Here are some common questions related to installing SSL certificates on Sentora:

Do I need a dedicated IP address for SSL?

No, you can install SSL certificates on Sentora even with a shared IP address.

What is the process of renewing an SSL certificate on Sentora when it expires?

Simply upload the renewed certificate and key files, modify the file paths if needed, and restart Apache. The process remains the same as the initial installation.

How do I uninstall an SSL certificate from Sentora?

On the SSL Certificates page, click the red X icon for the certificate you want to remove. Then restart Apache.

Can I have multiple SSL certificates for different domains on one Sentora instance?

Yes, Sentora allows installing unlimited SSL certificates for all your domains.

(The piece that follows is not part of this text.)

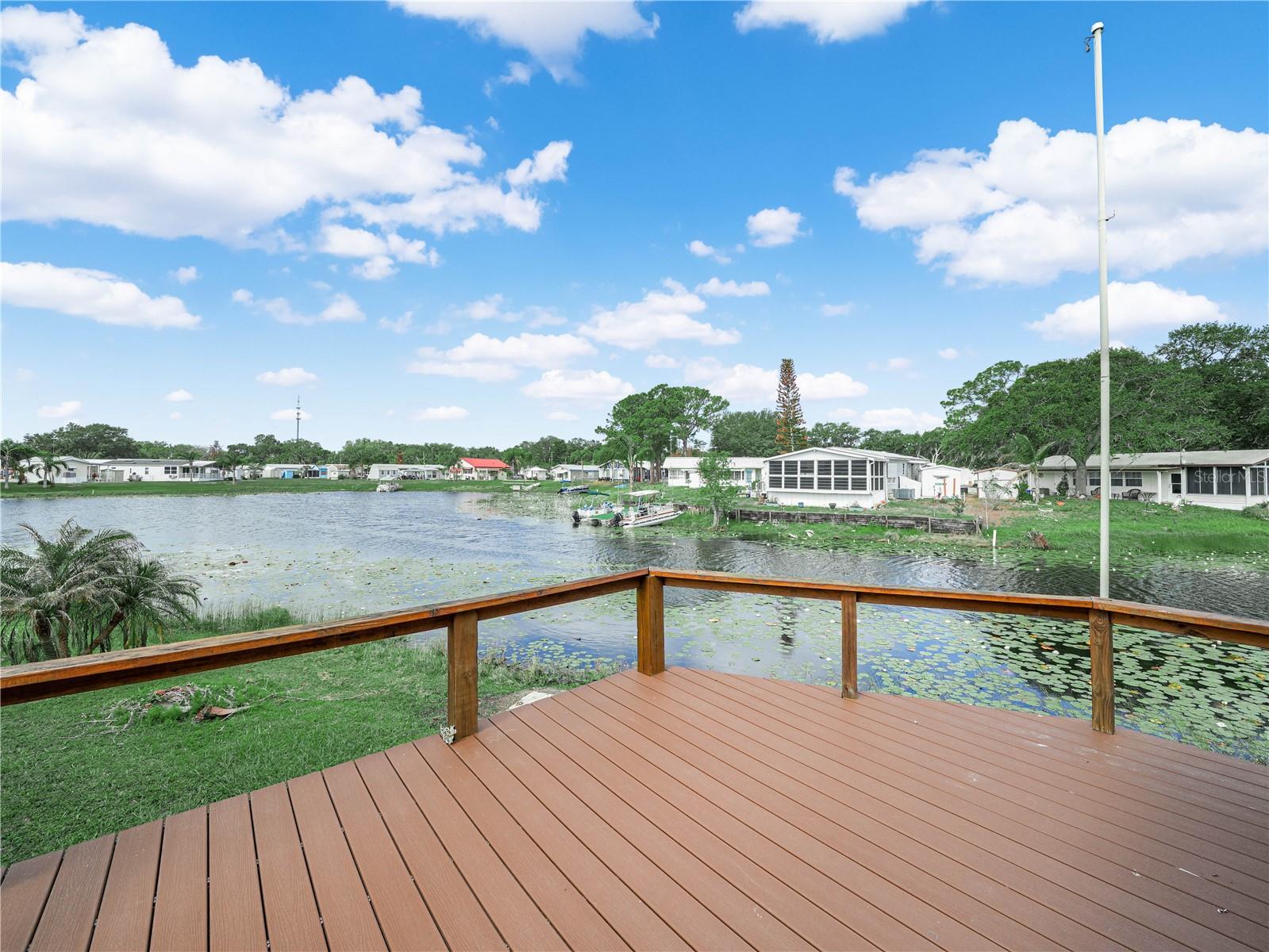 SADDLEBAG LAKE - Residential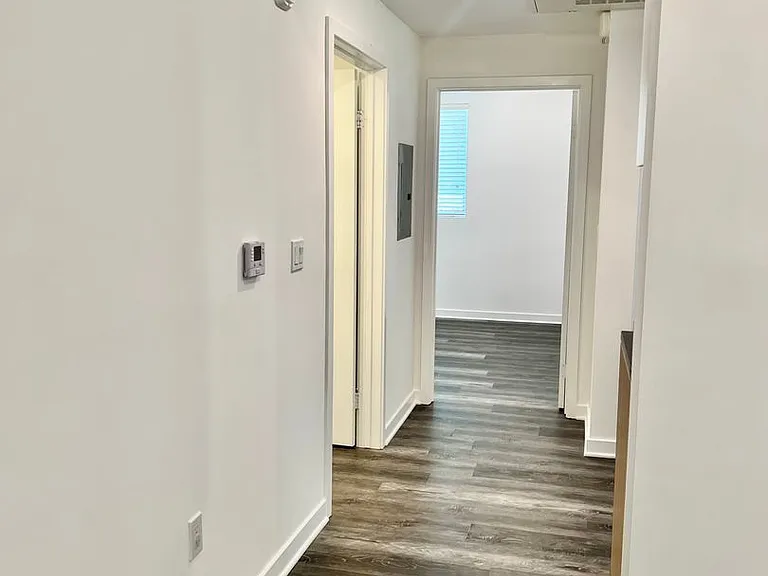 14333 Sylvan St — Photo 30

The process has to be repeated for each additional certificate.

Is a wild card certificate better or a dedicated certificate for each domain?

For most cases, individual certificates for each domain you need secured are better. Wild card certificates become complex to manage for multiple sites.

What is an SSL certificate chain bundle, and do I need it?

The SSL certificate chain completes the trust chain between your certificate and root certificate authority. Providing the .cab bundle prevents trust errors but isn’t mandatory.

Is Extended Validation (EV) SSL needed or is a simple DV certificate enough?

For most websites, a basic DV certificate provides sufficient encryption. EV certificates provide extra validation and legal assurance but cost a lot more.

What cipher suites should I use for my SSL certificate?

Stronger cipher suites like AES256 or AES128 are recommended for optimal security. Weak ciphers like DES, 3DES, or RC4 should be avoided when possible.